INSTRUCTIONS FOR THE TASK =
For the material below, reproduce exactly each line from the one that has "Imagem de capa" through the one that has "jogo do tigre demonstra??o", and no others; pictures stay out.

SOURCE INFORMATION =

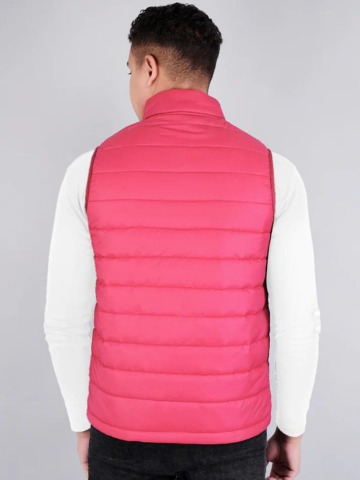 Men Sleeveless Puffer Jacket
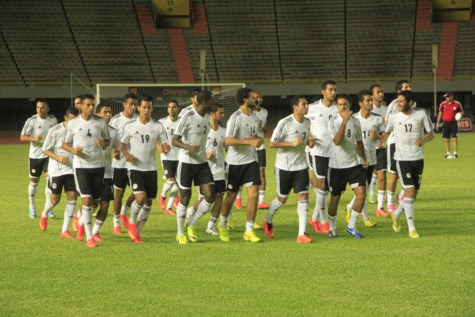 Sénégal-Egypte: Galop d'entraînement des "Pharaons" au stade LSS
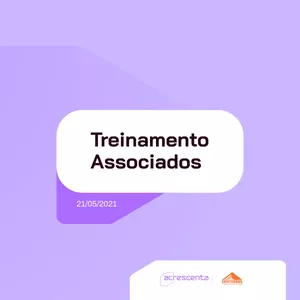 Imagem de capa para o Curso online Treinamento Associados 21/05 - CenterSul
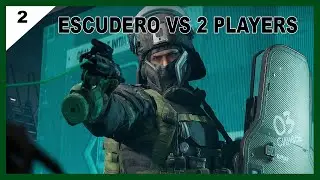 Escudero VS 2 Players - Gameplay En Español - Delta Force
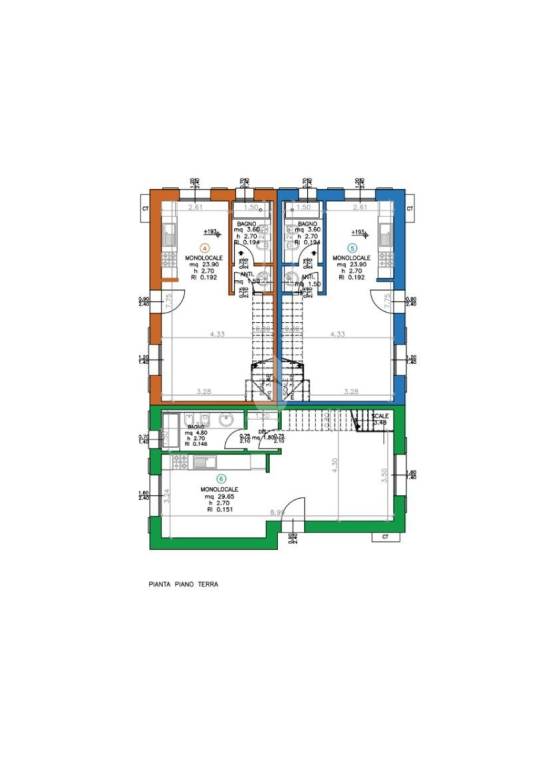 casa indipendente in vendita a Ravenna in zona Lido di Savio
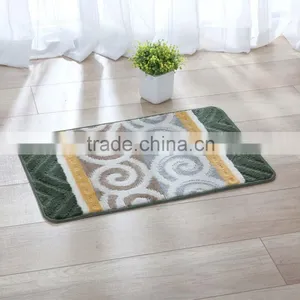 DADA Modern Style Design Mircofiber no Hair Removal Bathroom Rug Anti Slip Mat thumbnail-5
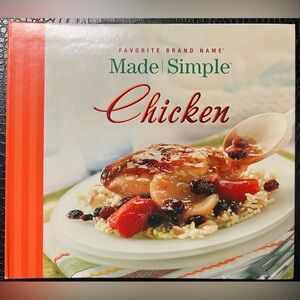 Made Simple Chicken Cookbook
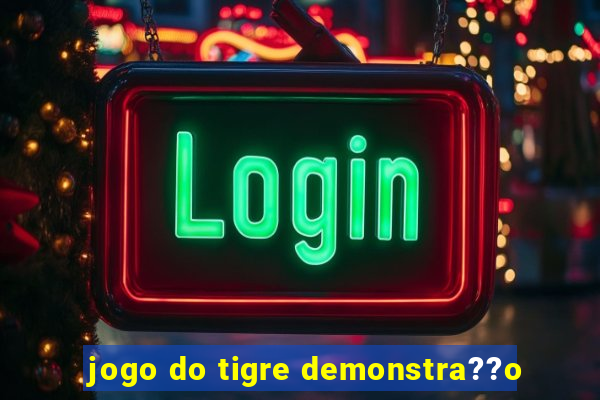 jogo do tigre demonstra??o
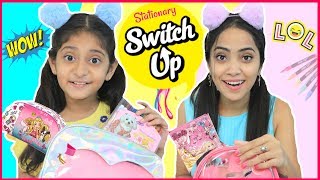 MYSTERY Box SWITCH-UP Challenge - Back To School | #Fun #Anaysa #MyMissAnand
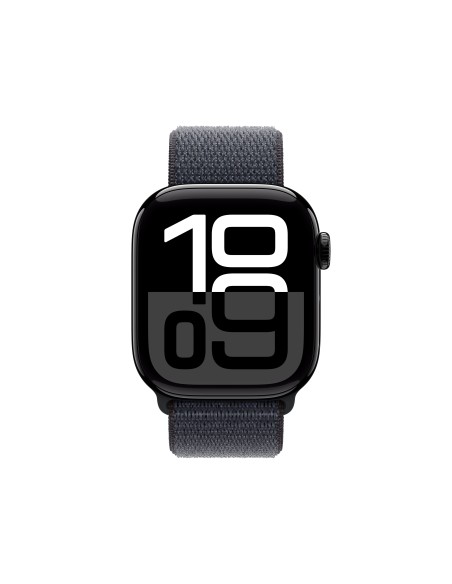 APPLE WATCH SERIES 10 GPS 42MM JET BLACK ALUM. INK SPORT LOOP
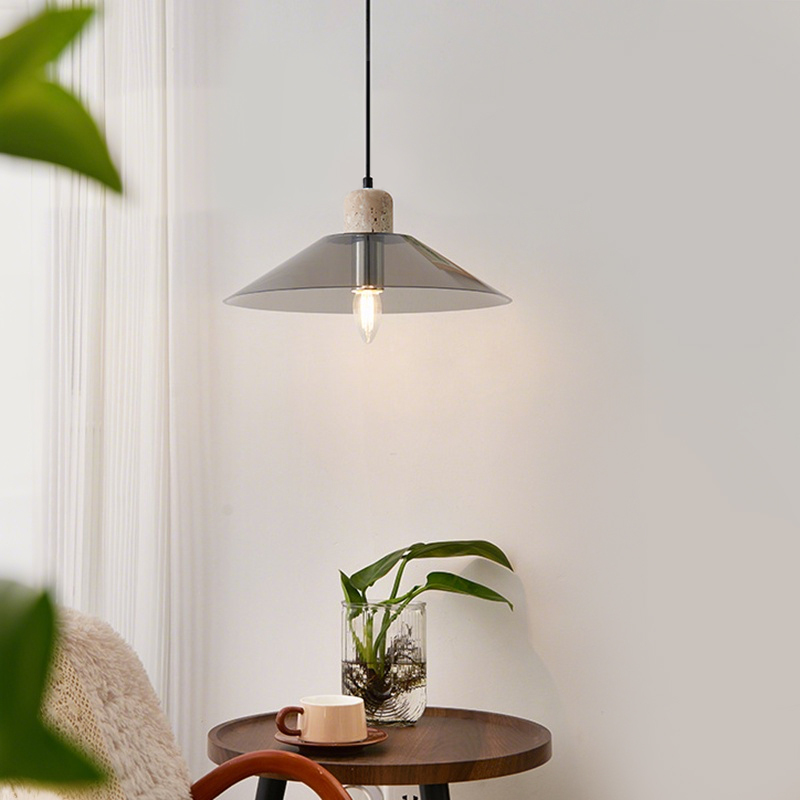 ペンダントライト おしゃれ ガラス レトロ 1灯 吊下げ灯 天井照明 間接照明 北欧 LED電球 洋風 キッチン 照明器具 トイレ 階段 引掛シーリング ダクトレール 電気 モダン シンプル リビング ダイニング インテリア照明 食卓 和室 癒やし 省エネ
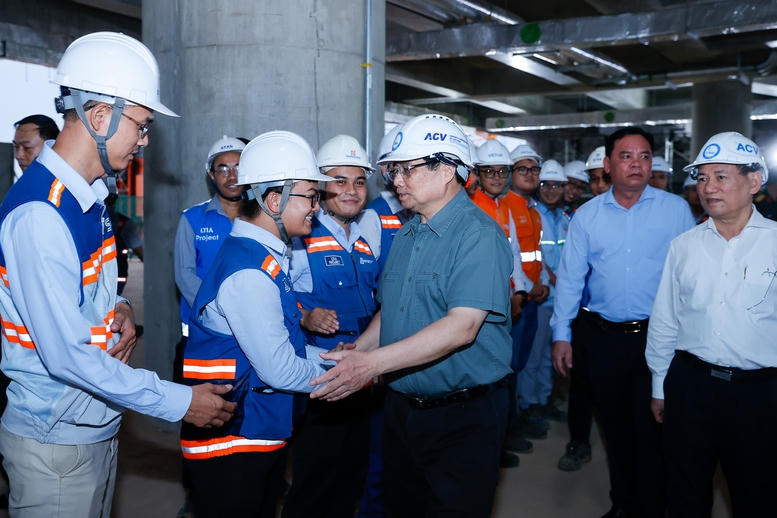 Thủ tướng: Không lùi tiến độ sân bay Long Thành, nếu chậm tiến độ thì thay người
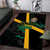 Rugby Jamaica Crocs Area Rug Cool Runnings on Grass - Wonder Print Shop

SOLUTION =
 Imagem de capa para o Curso online Treinamento Associados 21/05 - CenterSul
 Escudero VS 2 Players - Gameplay En Español - Delta Force
 casa indipendente in vendita a Ravenna in zona Lido di Savio
 DADA Modern Style Design Mircofiber no Hair Removal Bathroom Rug Anti Slip Mat thumbnail-5
 Made Simple Chicken Cookbook
 jogo do tigre demonstra??o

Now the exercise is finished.